When estimators for Dutchess Building Specialists, a full-service remodeling company in Poughkeepsie, N.Y., price a roof, they take lots of variables into account. Square footage for ordering materials is one. To determine man hours, however, the complexity of the roof is key. Doghouse dormers, valleys, chimneys, and any penetrations all slow down installation.
"If you have a typical raised ranch with straight runs, the cost per square foot would be significantly different," owner Brian Altmann points out.

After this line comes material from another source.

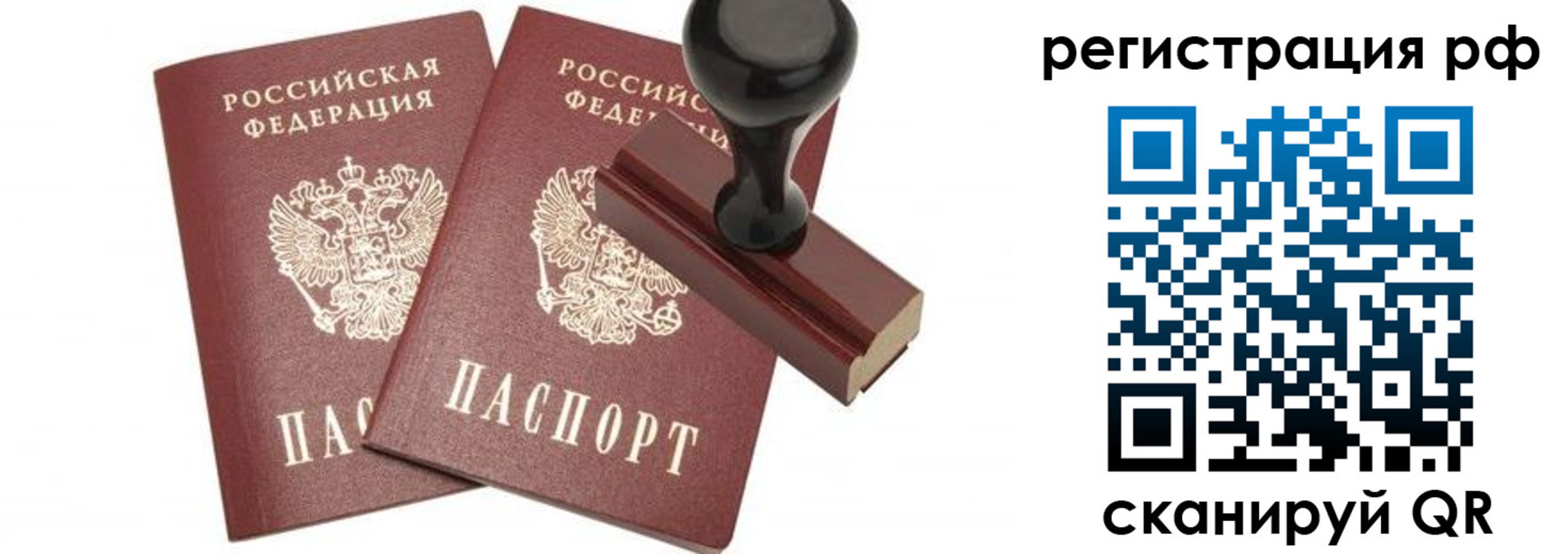 временная регистрация в Щиграх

Lonnie Cox, sales and production manager at the Brothers Strong, a full-service remodeling company in Houston, calls the complex roof "dreck" and the uncomplicated one "gravy." "Gravy's the roof with only two sides. Run it up on one side, run it up on the other, put the ridge on." Dreck, on the other hand, takes days and days.
What to watch for
Because set-up and teardown account for as much as a quarter of the time on the job, factors like site accessibility, site conditions, and roof pitch all figure in calculating cost. For instance, can your supplier get a boom truck onto the site?
"If I have to send [the materials] up on a power ladder, it's going to be a little bit different," Altmann says.
Site access issues also affect tear-off. "Do you have access to the driveway, so you can get a dump truck in there?" asks Jimmy Waller, of Goff-Waller Roofing, Lakeland, Fla. "If we can, it's going to go a lot quicker." If Goff-Waller crews can't, the alternative is to spread tarps, toss the shingles down, then empty them into a truck or Dumpster. Waller estimates adding that extra step bumps up labor costs 25%.
Illinois remodeler Larry Heuvelman says not allowing enough time for tear-off is a common mistake. With a small roof, Heuvelman budgets for a two or three man crew, with three to five stripping a large roof. Roof pitch is also key to accurate estimating, because a steep pitch adds time to tear-off and installation.
It's important to know how many layers of material are on the roof now and what those layers consist of. Heuvelman once found a layer of shakes under two layers of asphalt shingles -- a discovery that slowed the tear-off process considerably. "The homeowner didn't know it and I didn't know it," he recalls. It fell under the "concealed conditions" section of his contract, but Heuvelman learned a lesson. "Now I know to look for it."
Cox once worked on a job where, unbeknownst to the estimator, "the first layer was hot mopped. We had to chip that off. The job should've taken a day, and it took five."
Failing to actually inspect the roof can cost you, too. It's only by actually walking its surface -- coupled with examining the attic -- that you can determine the condition of the framing and decking.
"It's very common for us to have to replace plywood around the chimney, or some other vulnerable area, like valleys or eaves," Altmann says. "That would occur more often than us having to replace all the decking."
Typically, Altmann includes one sheet of plywood in every contract. "After that, we charge."
But the biggest mistake you can make in an estimate is also the most obvious: Measure the roof, from up on the roof, and measure it right because, Cox says, "everything is calculated off that. And if you're off three or four squares, you have to stop the job" to get more materials.